Les Cinq/I/15. M. Chanut


XV

M. CHANUT


Nous franchissons une semaine et, faisant la même course que Joseph Chaix, le messager de cette belle Charlotte, nous nous transportons dans ce quartier du Marais où commença notre histoire.

Il y a, tout le long de ces vieilles rues, de grands souvenirs historiques, et certains palais, contemporains du château des Tournelles, sont encore debout, gardant leur orgueilleuse tournure, mais les hauts seigneurs sont partis, laissant la place aux maîtres de pensions, affluents du collège Charlemagne, et aux fabricants de bronzes « d’art. »

Louis XIII, dit le Juste, dernier gentilhomme oublié dans ces contrées, regarde toujours les belles bâtisses de sa place favorite, briquetées comme son château de Saint-Germain : Pauvre triste créature, si brave et si faible, qui enfanta sans le savoir le despotisme et la révolution !

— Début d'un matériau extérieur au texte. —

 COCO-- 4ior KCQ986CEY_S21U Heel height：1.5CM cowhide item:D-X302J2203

Ne lui demandez pas son presse à cette statue, elle vous répondrait : « Consultez l’écriteau ; je ne sais plus bien si c’est jour de place Royale ou saison de place des Vosges. »

C’était le matin, au revers de cette même place Royale, dans une maison de la chaussée des Minimes dont capitaine Blunt avait loué le premier étage, vacant par la faillite d’un fabricant de boutons, successeur éloigné de quelque mignon de cour, pareillement tombé en banqueroute.

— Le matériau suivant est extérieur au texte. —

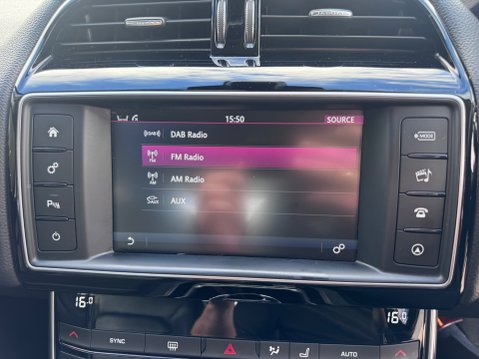 Jaguar XE GTDI PRESTIGE 23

L’écusson martelé de la porte cochère laissait deviner en effet les émaux de la famille d’Entraigues.

Il y avait un lit de fer, dressé au milieu du salon, qui était très-vaste et semblait avoir subi, l’une après l’autre, plusieurs sortes d’ornementations avant de tomber dans l’état de nudité complète où nous le trouvons. Trois hautes fenêtres sans rideaux l’éclairaient. Le plafond, laqué dans les tables profondes de ses caissons, n’était plus que décrépitude ; les boiseries, fort belles et chargées de sculptures, montraient çà et là des traces d’or.

Le parquet, fait de planches déjà vermoulues, laissait apercevoir par ses larges fentes un pavé mosaïque en marbres jaune et noir.

Derrière le lit, des clous plantés dans le bois soutenaient des vêtements d’hommes pendus pêle-mêle, deux carabines et aussi du linge. Sous ce trophée qui remplaçait manifestement l’armoire absente, plusieurs malles étaient rangées.

Tout cela représentait assez bien un camp dans une chambre.

Un jeune homme pâle et qui paraissait souffrir dormait sur le cadre, tout habillé et tête nue. On ne lui aurait pas donné vingt ans par le visage qui était beau comme celui d’une belle femme, sous la profusion de ses cheveux bouclés.

Deux hommes d’âge mûr, dont l’un portait sur le bronze de ses traits un certificat d’indomptable énergie, se tenaient debout au chevet du lit. On eût cherché en vain un air de famille entre l’un ou l’autre de ces deux hommes et le jeune malade.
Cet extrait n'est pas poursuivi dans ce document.